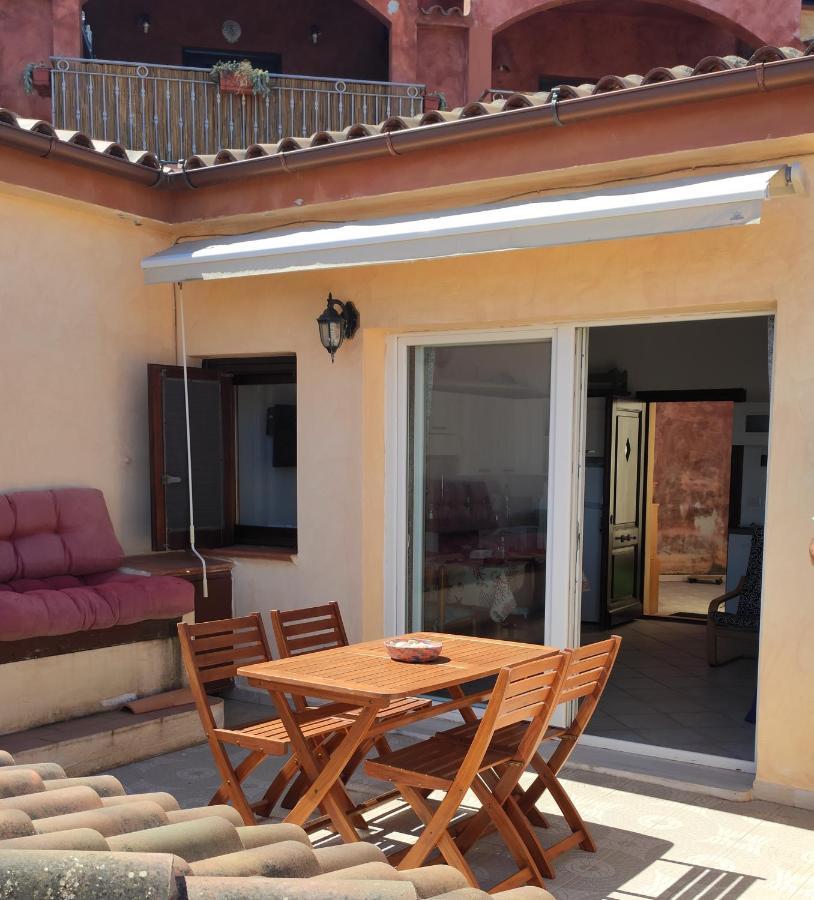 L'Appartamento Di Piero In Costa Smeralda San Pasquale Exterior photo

---

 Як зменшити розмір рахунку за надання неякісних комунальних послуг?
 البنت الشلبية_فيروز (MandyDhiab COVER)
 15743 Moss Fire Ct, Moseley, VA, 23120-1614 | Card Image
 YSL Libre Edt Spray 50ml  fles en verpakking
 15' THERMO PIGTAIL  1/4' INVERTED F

- _How to complete this task_: Return only the stretch of the material above from the line holding "Як зменшити розмір" through the line holding "15' THERMO PIGTAIL", copied exactly.

- _Result of this task_:
 Як зменшити розмір рахунку за надання неякісних комунальних послуг?
 البنت الشلبية_فيروز (MandyDhiab COVER)
 15743 Moss Fire Ct, Moseley, VA, 23120-1614 | Card Image
 YSL Libre Edt Spray 50ml  fles en verpakking
 15' THERMO PIGTAIL  1/4' INVERTED F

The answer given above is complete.